In chronic alcoholics suffering from alcohol addiction, the sick generation which has a predisposition to alcohol, drugs, incurable mental disorders that in turn, gives rise to a new generation of the sick population. There is a misconception that the harm from alcohol is negligible, which contains a minimum quantity of alcohol. Getting used to the low-alcohol beverages is faster, but its use is higher than normal due to an insufficient amount of alcohol in the drink. Effects of low-alcohol products can be more pitiable than that of the traditional drinks.


Alcoholism is one of the most urgent problems of modern society. Its devastating effects are comparable to terrorism and drug addiction. Due to the stable person’s need in alcohol, the challenge of administrative solving of the problem of alcoholism is very complicated. The most well-known social movement against alcoholism is Alcoholics Anonymous, founded in 1935 year. Such groups exist in many countries of the world. Visiting groups are voluntary, free, and occurring on the anonymous basis. The only requirement for participation in the groups AA is a desire to stop drinking. Groups are organized not by doctors, but by alcoholics themselves.

In addition to the AA, there are other societies and groups of sobriety around the world, the leading and educational work on the prevention of alcoholism. For example, among such organizations, there are the International Organization of humanism and sobriety (existing since 1851, based in the US, now headquartered in Norway), Washington temperance society (founded in 1840), White Cross in France (in force since 1899).
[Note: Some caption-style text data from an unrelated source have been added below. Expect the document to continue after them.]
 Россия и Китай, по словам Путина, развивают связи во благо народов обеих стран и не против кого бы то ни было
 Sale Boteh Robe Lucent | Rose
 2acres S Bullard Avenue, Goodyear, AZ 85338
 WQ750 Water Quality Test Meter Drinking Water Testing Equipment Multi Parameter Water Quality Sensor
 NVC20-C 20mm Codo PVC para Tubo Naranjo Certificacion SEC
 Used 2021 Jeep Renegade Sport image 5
Efforts to combat alcoholism at the state level have been occurring many times. Thus, there was the system in Gothenburg (1865-1917) and the Bratt system in Sweden (1917-1955), the dry law in Russia (1914-25), Finland (1919-1932), the United States (1919-1933) and Iceland (1915 -1922). In all cases, a ban on the production and sale of alcohol had to stop due to the importation of contraband of alcohol and the use of substitutes. In Sweden, Finland and Norway, there were public policy restrictions on the alcohol production with the state monopoly on its production. However, it failed to achieve the desired result.
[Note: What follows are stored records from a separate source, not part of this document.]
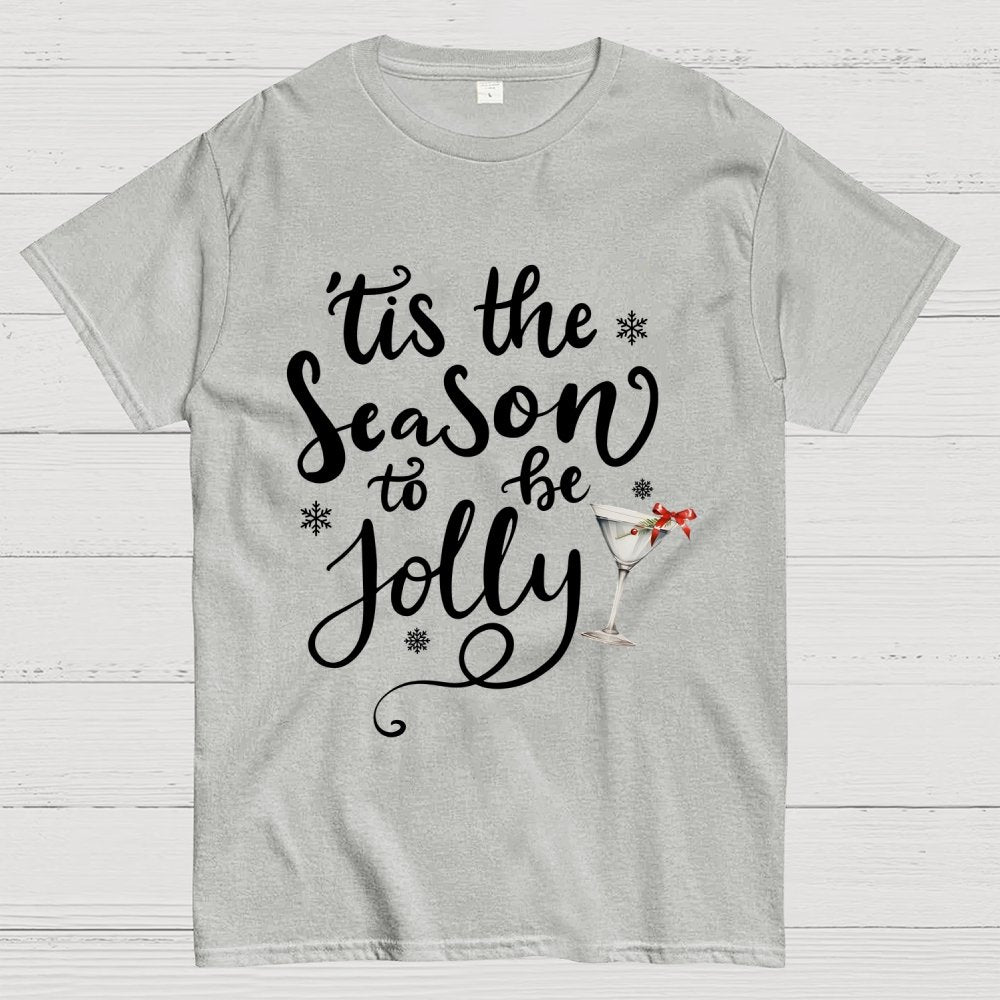 Tis the Season to Be Jolly Geek T-Shirt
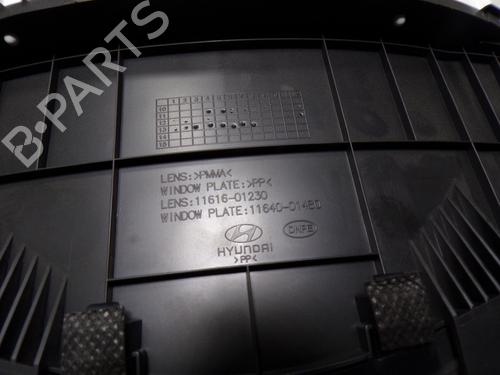 Instrument cluster HYUNDAI i40 I (VF) 1.7 CRDi | BP13077276C47 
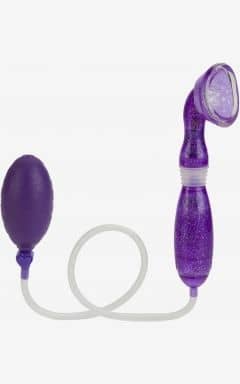 Klitorispumper Advanced Clitoral Pump Purple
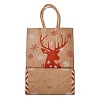 Christmas Theme Rectangle Paper Bags CARB-F011-01C-3
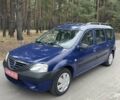Синій Дачія Logan MCV, об'ємом двигуна 1.6 л та пробігом 185 тис. км за 4850 $, фото 1 на Automoto.ua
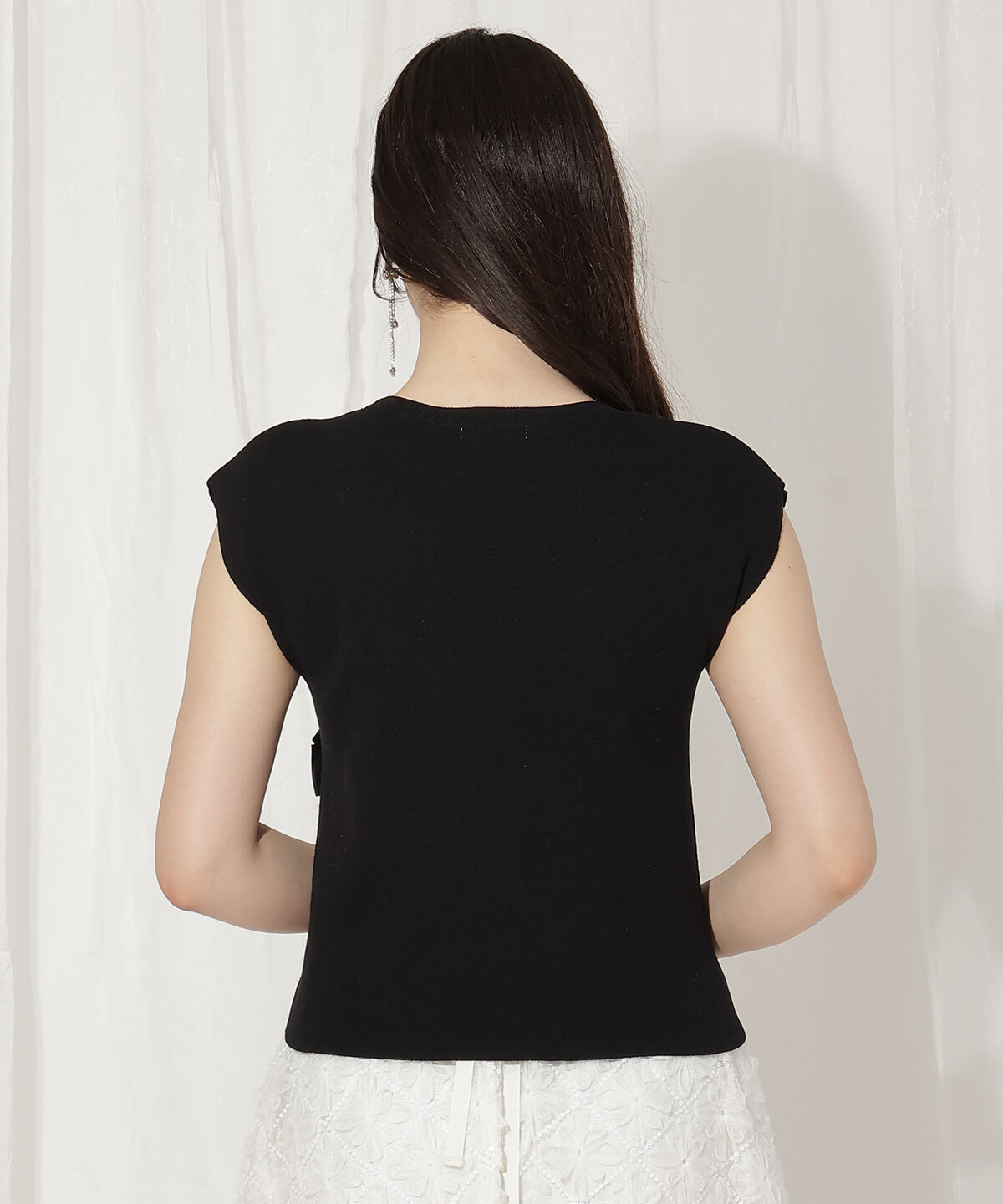 WILLSELECTION「ランダムサテンリボンプルオーバー」|Tシャツ・カットソー|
Alcohol policy at the international level is held by the World Health Organization. The global strategy to reduce alcohol abuse was adopted in May 2010 in Geneva at the World Health Assembly. Among the measures recommended in the report, there is the restriction of liquor advertising, limiting the number of sales of alcoholic beverages and reduce the sale of time points, an increase in retail prices for alcoholic beverages at the expense of taxes, informing about the dangers of alcohol, a gradual decrease in the permissible norms of alcohol in the blood of drivers, and etc.
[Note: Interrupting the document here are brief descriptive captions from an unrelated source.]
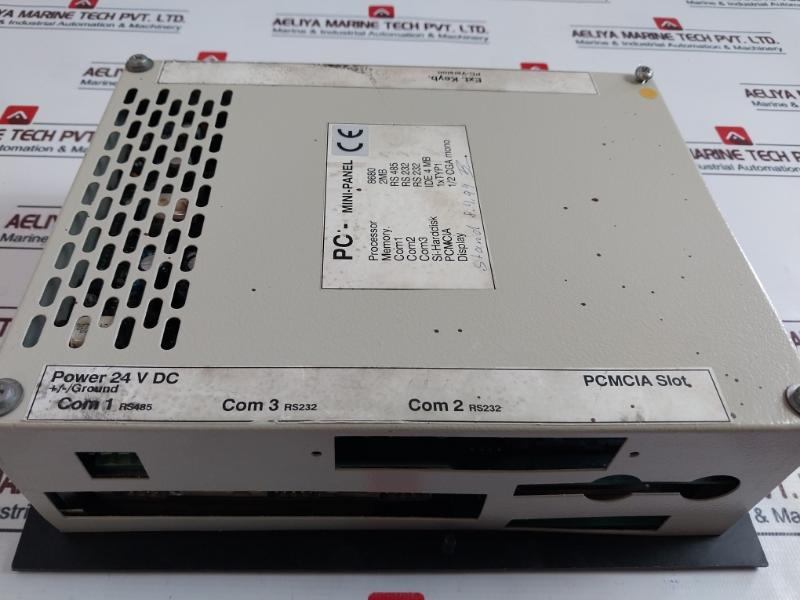Neles-Jamesbury PC Mini Panel 2MB 24VDC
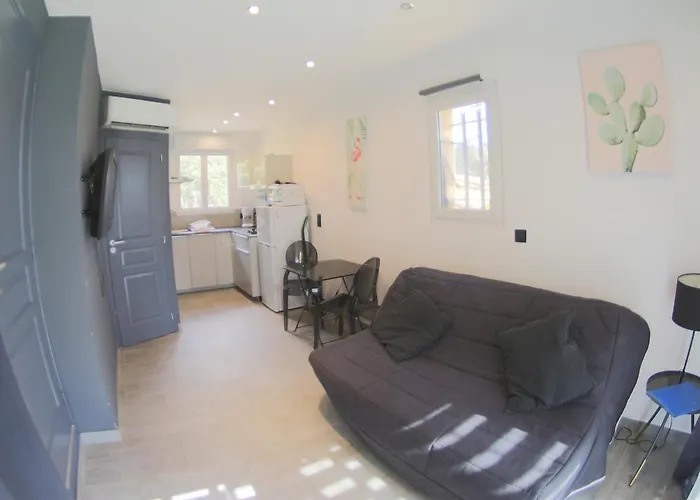 Chez Muriel Lejlighed *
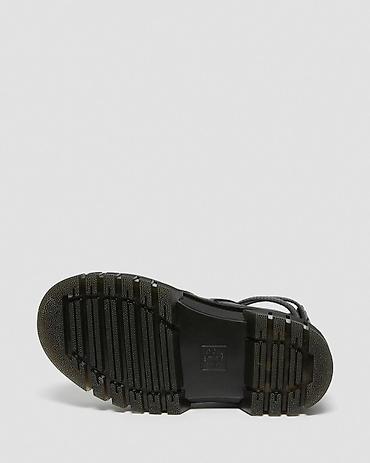 dr: Босоножки, 37.5, Dr. Martens, Новый, цвет - Черный, Платная доставка, Самовывоз — 7
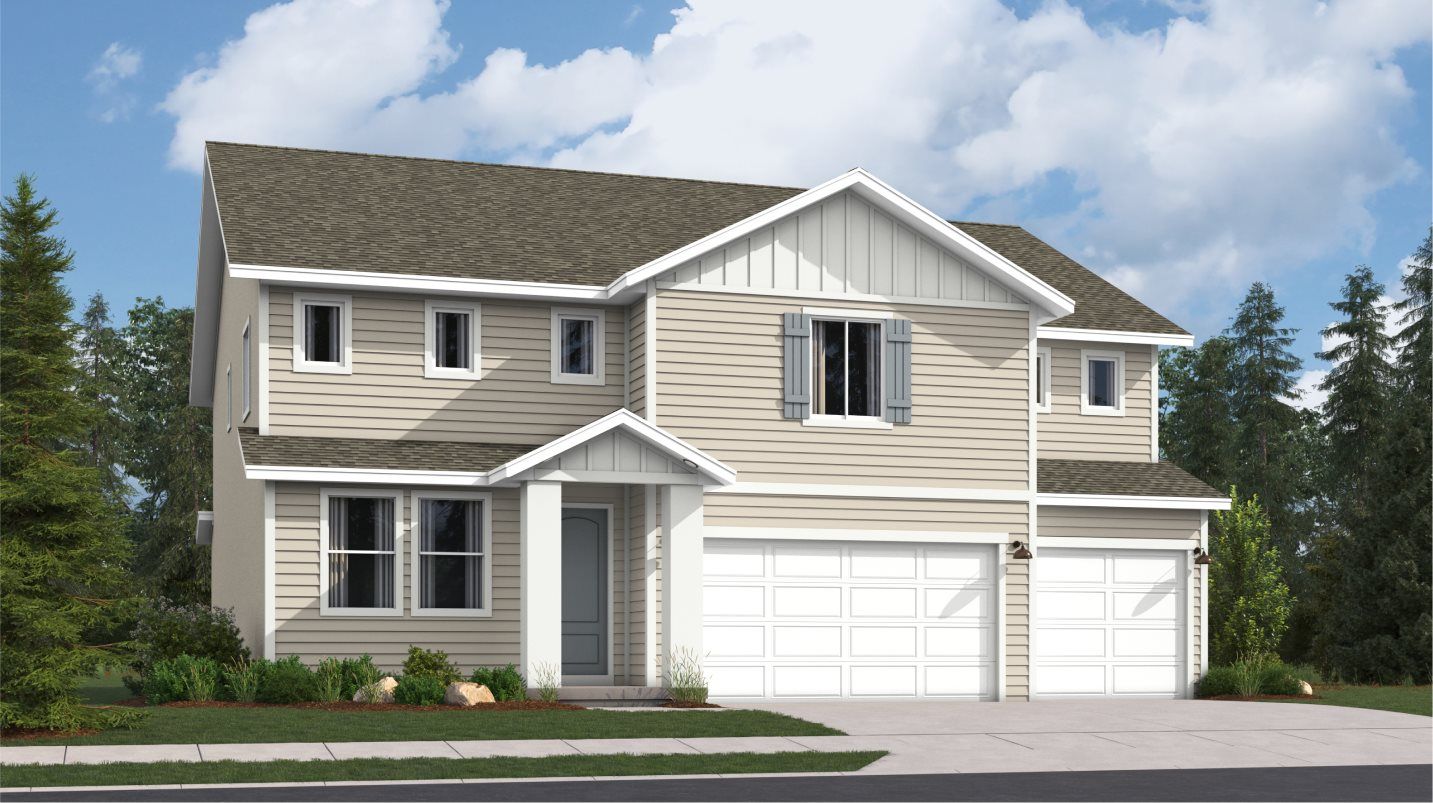Elevation T - Teton Traditional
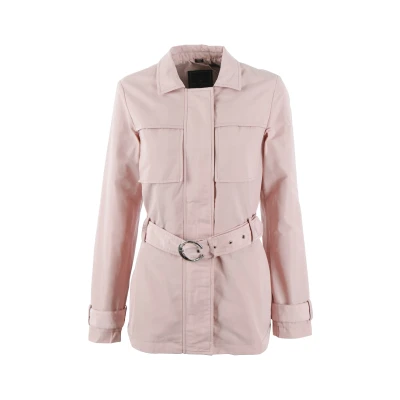 Afbeelding van Dreimaster Klassik Dames Overgangsjas SCHMUDDELWEDDA S / Roze 100% Polyester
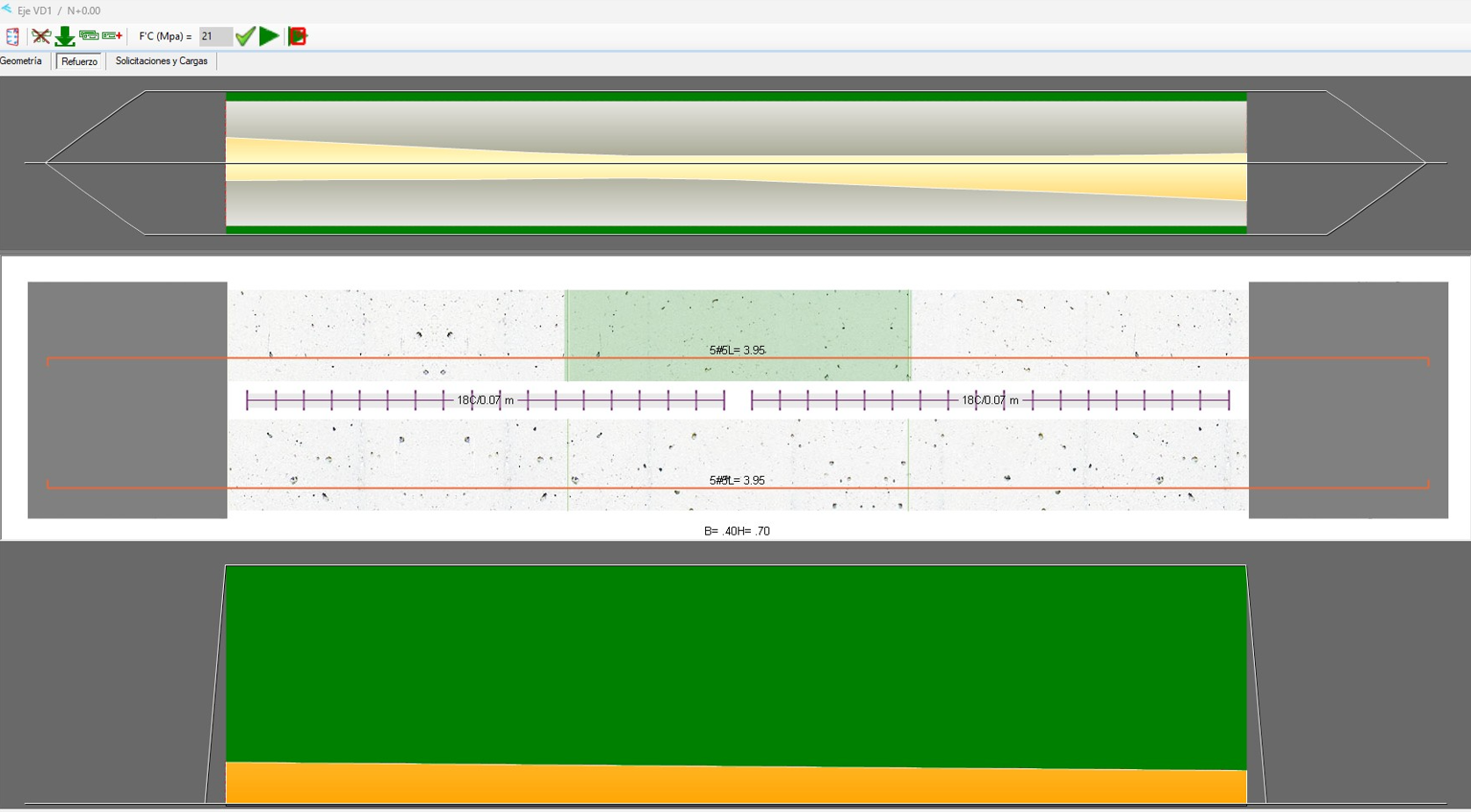 Captura ETABS – AirBnb Pereira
The harm of alcohol is determined by the harm of alcoholism as a broader phenomenon linked to the disease. It is necessary to speak about social ills affecting all spheres of public life. Everyone is a part of society and the state of society as a whole depends on of their condition. Alcohol affects not only the drinker but also the people around him. Often, men or women who are prone to alcoholism, neglect their duties, friends, family, and children, in order to satisfy their need. Addiction to alcohol is the cause of various crimes. Children and families often suffer from alcoholism of the person. The cause of children’s illnesses is often the parents’ alcoholism. The fight against alcoholism is the largest social and medical problem of any state. The harm of alcohol proved. Even small doses of it can cause big troubles or misfortunes: injuries, car accidents, health deprivation, family breakdown, loss of spiritual needs and volitional human traits.